The Pharmaceuticals Export Promotion Council of India (Pharmexcil) has urged its members to capitalize on this renewed opportunity. "This scheme provides a significant platform for Indian manufacturers to strengthen their capabilities in producing essential pharmaceutical ingredients," said Raja Bhanu, Director General of Pharmexcil.

This latest announcement reaffirms the Centre’s strategic focus on reducing dependence on pharmaceutical imports and building resilient supply chains for critical raw materials.
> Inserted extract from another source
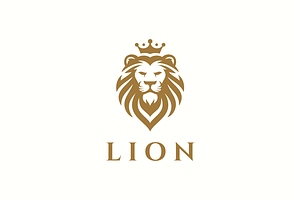 King Lion Head Logo, a Branding & Logo Template by yopie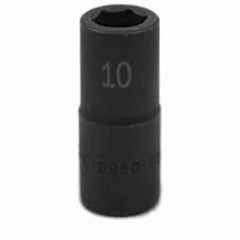 SK - Impact Socket - 3/8"DR 6PT 10MM SEMI-DEEP IMPACT SOCKET - Makers Industrial Supply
The PLI scheme for KSMs, DIs, and APIs, first launched in July 2020 and revised in October of the same year, covers a total of 41 products and has a financial outlay of ₹6,940 crore, according to official documents.

The broader PLI framework, which spans 14 key sectors including pharmaceuticals, bulk drugs, medical devices, and electronics, was launched to drive domestic production, create jobs, and enhance exports. As of November 2024, 764 applications had been approved across these sectors, with a total investment of around ₹1.61 lakh crore ($18.72 billion). The government has disbursed ₹14,020 crore in incentives under the scheme for sectors including large-scale electronics, telecom, IT hardware, white goods, food processing, and drone manufacturing.

With the renewed push under the PLI scheme, India continues its trajectory toward becoming a global hub for high-quality, cost-effective pharmaceutical manufacturing.